DATA SUPPLIED.
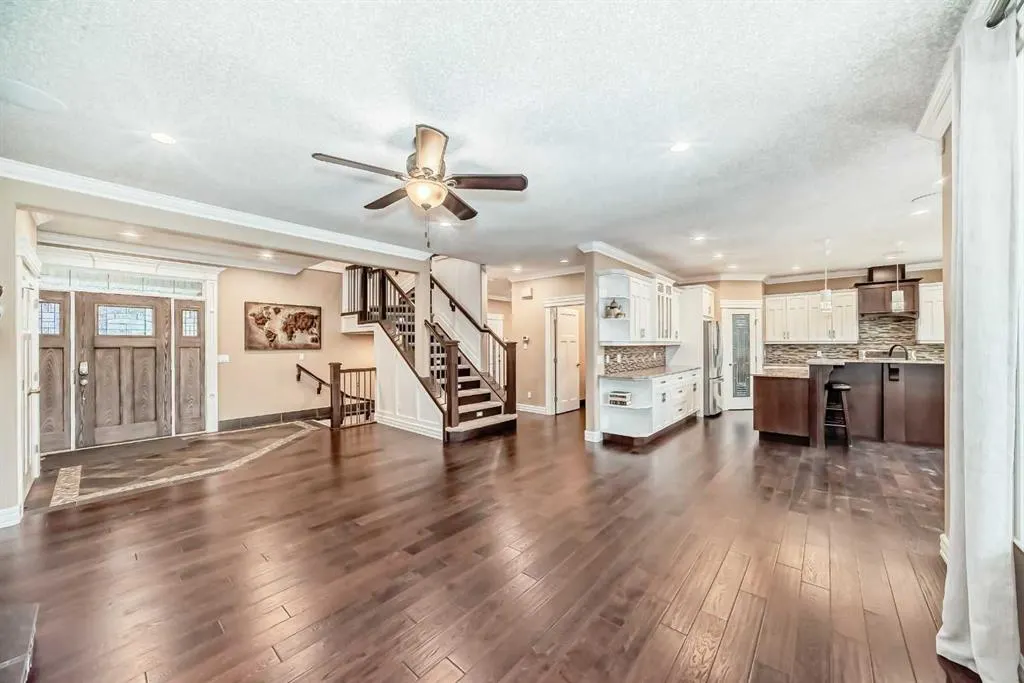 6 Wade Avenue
...
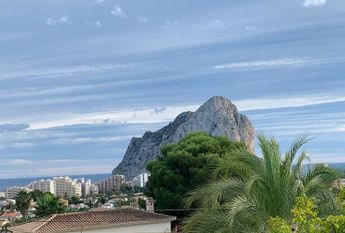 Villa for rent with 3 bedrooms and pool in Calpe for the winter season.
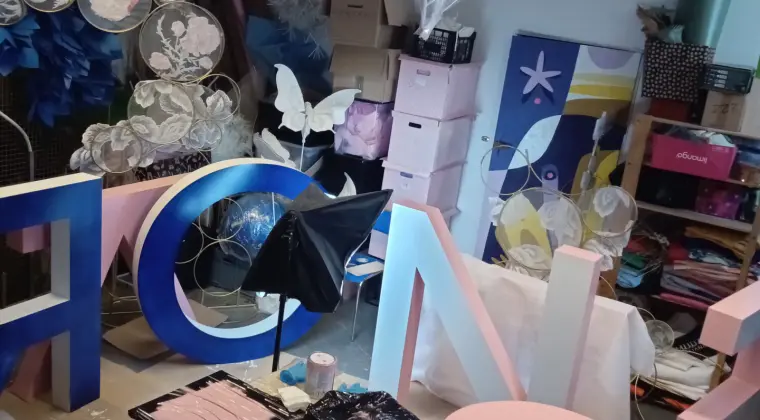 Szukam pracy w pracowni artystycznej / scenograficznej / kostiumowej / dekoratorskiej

EXERCISE. Above, find the line holding "Villa for rent" and the line holding "Szukam pracy w". Print exactly those two lines and every line between them, but no pictures.

TASK ANSWER.
 Villa for rent with 3 bedrooms and pool in Calpe for the winter season.
 Szukam pracy w pracowni artystycznej / scenograficznej / kostiumowej / dekoratorskiej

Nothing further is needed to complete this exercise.